Cool idea, for sure, but I can't help but wonder: for the code that's been ported, is there a concern that you'd have to perpetually watch out for CVEs in glibc/musl and determine if they also apply to the Zig implementations?
Yes but we already have to do that for our own standard library. For shared codepaths (e.g. math) it's strictly fewer potential bugs.
"Furthermore, when this work is combined with the recent std.Io changes, there is potential for users to seamlessly control how libc performs I/O - for example forcing all calls to read and write to participate in an io_uring event loop"
This is exciting! I particularly care more about kqueue but I guess the quote applies to it too.
> It’s kind of like enabling LTO (Link-Time Optimization) across the libc boundary, except it’s done properly in the frontend instead of too late, in the linker
Why is the linker too late? Is Zig able to do optimizations in the frontend that, e.g., a linker working with LLVM IR is not?
Seems like it ought to be able to do inlining and dead code stripping which, I think, wouldn't be viable at link time against optimized static libraries.
It is viable against the IR that static libraries contain when LTO is enabled.
LTO essentially means “load the entire compiler backend into the linker and do half of the compilation work at link time”.
It’s a great big hack, but it does work.
Right, but I think that's what the question of "Why is the linker too late?" is getting at. With zig libc, the compiler can do it, so you don't need fat objects and all that.
---
expanding: so, this means that you can do cross-boundary optimizations without LTO and with pre-built artifacts. I think.
I considered Zig because I was tired of all the political correctness surrounding Rust. If Zig is also involved in all sorts of political issues, then it's no different from Rust; it's just a case of the pot calling the kettle black.
Super cool project.
I expect a lot of C code may be quite mechanically translated to Zig (by help of LLMs). Unlike C->Rust or C->C++, where there's more of a paradigm shift.

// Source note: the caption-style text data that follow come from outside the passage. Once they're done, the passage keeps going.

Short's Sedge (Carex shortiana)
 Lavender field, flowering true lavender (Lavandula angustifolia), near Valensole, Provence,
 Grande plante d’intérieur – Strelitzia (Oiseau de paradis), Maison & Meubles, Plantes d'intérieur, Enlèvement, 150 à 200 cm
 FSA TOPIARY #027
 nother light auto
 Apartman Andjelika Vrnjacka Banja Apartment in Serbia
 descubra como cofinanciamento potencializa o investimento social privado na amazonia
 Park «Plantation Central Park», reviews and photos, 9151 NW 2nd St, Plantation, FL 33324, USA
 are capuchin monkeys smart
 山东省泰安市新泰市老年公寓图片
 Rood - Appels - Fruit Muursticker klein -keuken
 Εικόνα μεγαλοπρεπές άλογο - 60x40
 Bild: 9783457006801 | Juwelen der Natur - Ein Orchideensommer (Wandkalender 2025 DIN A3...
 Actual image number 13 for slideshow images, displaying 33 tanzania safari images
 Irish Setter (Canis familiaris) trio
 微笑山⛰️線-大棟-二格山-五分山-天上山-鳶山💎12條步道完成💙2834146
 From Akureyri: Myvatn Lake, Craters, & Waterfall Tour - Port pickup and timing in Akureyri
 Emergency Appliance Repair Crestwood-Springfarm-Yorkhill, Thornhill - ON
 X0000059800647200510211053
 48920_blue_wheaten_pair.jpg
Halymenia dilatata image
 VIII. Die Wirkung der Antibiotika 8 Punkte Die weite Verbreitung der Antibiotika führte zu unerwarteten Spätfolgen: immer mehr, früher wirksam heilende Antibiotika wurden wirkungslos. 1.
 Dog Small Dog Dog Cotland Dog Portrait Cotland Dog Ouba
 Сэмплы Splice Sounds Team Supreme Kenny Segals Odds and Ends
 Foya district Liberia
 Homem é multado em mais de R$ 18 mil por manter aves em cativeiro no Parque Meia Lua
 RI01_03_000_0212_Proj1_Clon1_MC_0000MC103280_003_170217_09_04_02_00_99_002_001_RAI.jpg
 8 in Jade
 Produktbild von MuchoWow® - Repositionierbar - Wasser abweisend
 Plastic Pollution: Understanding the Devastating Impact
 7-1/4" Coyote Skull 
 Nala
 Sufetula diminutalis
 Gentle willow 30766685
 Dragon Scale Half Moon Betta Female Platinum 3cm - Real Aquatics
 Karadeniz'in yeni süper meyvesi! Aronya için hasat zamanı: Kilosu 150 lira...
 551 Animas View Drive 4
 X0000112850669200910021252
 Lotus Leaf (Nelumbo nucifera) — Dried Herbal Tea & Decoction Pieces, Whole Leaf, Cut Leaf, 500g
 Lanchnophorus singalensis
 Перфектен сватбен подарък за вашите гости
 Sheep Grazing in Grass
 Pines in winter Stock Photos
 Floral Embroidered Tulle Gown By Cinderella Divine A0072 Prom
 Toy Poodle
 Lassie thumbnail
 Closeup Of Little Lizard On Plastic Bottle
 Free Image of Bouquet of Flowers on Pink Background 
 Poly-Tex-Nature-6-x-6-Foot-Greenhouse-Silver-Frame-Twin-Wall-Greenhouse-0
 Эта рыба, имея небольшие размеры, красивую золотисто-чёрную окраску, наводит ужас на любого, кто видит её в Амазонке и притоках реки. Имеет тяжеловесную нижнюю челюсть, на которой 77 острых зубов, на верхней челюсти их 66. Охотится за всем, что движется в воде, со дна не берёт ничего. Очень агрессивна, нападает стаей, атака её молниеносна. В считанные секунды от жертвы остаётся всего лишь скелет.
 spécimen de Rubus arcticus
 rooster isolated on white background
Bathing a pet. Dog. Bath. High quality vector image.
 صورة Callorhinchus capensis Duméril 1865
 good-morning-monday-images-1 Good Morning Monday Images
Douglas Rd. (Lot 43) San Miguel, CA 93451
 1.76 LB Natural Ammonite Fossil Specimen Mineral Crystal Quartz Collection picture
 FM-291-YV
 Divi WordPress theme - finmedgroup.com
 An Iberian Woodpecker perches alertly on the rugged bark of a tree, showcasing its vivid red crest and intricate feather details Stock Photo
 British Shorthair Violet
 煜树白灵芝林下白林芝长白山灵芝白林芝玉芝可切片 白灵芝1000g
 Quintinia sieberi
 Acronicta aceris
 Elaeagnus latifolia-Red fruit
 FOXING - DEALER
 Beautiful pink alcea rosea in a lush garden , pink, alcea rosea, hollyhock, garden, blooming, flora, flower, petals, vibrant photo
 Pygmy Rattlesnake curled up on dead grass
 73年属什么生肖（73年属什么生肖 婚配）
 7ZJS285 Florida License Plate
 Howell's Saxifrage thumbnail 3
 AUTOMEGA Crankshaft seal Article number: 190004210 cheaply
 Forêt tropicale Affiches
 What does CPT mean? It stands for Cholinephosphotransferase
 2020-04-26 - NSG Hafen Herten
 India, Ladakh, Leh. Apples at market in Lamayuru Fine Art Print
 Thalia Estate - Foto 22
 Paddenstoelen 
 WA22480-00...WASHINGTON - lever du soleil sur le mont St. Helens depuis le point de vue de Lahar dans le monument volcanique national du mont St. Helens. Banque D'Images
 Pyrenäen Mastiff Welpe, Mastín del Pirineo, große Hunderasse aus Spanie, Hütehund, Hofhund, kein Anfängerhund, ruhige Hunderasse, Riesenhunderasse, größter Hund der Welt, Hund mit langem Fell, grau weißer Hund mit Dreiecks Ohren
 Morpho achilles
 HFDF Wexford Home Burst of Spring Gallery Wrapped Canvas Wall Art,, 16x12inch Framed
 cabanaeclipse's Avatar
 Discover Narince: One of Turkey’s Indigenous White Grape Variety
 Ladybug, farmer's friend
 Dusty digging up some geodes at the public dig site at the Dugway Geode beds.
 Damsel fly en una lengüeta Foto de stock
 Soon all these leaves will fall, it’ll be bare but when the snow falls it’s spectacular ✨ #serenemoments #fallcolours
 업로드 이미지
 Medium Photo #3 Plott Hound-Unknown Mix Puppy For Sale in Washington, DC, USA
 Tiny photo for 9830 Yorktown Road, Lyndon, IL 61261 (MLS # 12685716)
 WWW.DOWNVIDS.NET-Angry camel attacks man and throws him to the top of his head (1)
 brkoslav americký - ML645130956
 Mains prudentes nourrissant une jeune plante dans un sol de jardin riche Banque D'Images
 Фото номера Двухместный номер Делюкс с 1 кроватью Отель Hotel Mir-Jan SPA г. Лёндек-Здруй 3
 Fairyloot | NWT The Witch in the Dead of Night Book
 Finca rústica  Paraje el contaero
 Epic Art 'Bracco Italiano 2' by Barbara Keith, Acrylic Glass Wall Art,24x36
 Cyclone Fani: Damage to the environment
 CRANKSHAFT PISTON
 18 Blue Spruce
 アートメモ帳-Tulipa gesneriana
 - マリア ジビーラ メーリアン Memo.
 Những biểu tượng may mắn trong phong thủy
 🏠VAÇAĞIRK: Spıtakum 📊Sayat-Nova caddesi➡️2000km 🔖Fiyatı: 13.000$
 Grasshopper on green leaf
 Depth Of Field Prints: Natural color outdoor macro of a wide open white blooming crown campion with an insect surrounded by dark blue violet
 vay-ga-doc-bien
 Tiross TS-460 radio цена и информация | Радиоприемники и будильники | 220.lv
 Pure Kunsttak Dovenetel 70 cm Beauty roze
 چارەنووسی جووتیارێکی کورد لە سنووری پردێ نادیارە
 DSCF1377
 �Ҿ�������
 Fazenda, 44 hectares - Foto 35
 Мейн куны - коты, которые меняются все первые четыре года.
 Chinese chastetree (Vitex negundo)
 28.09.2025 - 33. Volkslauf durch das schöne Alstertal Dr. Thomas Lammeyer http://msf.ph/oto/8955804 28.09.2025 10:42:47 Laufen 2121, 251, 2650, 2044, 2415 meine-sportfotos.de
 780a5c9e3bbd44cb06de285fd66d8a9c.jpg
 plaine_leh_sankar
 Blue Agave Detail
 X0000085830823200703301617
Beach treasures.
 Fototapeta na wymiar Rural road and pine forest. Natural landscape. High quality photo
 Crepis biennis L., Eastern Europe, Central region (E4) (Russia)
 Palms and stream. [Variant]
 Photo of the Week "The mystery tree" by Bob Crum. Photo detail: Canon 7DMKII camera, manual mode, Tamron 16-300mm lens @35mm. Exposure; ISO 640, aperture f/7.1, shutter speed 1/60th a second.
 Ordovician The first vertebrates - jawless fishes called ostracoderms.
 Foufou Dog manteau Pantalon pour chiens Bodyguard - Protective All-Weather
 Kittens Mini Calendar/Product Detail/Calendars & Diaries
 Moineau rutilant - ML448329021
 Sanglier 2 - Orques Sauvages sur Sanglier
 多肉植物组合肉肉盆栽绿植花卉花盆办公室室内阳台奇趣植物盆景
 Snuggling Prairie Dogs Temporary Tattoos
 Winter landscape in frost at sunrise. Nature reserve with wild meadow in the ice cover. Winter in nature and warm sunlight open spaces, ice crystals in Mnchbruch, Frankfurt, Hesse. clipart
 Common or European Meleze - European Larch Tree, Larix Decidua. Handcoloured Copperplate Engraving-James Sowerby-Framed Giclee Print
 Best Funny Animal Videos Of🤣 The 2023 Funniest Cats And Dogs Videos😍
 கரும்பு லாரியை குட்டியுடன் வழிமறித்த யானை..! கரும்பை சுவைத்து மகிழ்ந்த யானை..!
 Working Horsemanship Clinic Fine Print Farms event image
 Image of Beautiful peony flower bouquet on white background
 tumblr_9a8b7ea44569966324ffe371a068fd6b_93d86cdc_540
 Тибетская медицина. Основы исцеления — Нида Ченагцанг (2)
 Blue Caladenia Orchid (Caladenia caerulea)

There's solid reason for the translation here; the Zig core team is aiming to eliminate duplicated code and C functions, and avoid the need to track libc from multiple sources. In the future, LLMs could serve as part of this, but they are currently quite terrible at Zig (as far as I understand it, it's not a lack of Zig code samples, it's an imbalance of OLD Zig to NEW Zig, as Zig changes quite frequently).
You would need to consider if it is even worth it translating your C code. If the paradigm is identical and the entire purpose would be "haha it is now one language," surely you could just compile and link the C code with libzigc... In my opinion, it's not worth translating code if the benefit of "hey look one language" requires the cost of "let's pray the LLM didn't hallucinate or make a mistake while translating the code."
This strikes me as a very agent-friendly problem. Given a harness that enforces sufficiently-rigorous tests, I'm sure you could spin up an agent loop that methodically churns through these functions one by one, finishing in a few days.
hallucinations in a libc implementation would be especially bad
Have you ever used an LLM with Zig? It will generate syntactically invalid code. Zig breaks so often and LLMs have such an eternally old knowledge cutoff that they only know old ass broken versions.
The same goes for TLA+ and all the other obscure things people think would be great to use with LLMs, and they would, if there was as much training data as there was for JavaScript and Python.
To be fair, this was true of early public LLMs with rust code too. As more public zig repositories (and blogs / docs / videos) come online, they will improve. I agree it's a mess currently.
You must have not tried this with an LLM agent in the past few months.
i tested sonnet 4.5 just last week on a zig codebase and it has to be instructed the std.ArrayList syntax every time.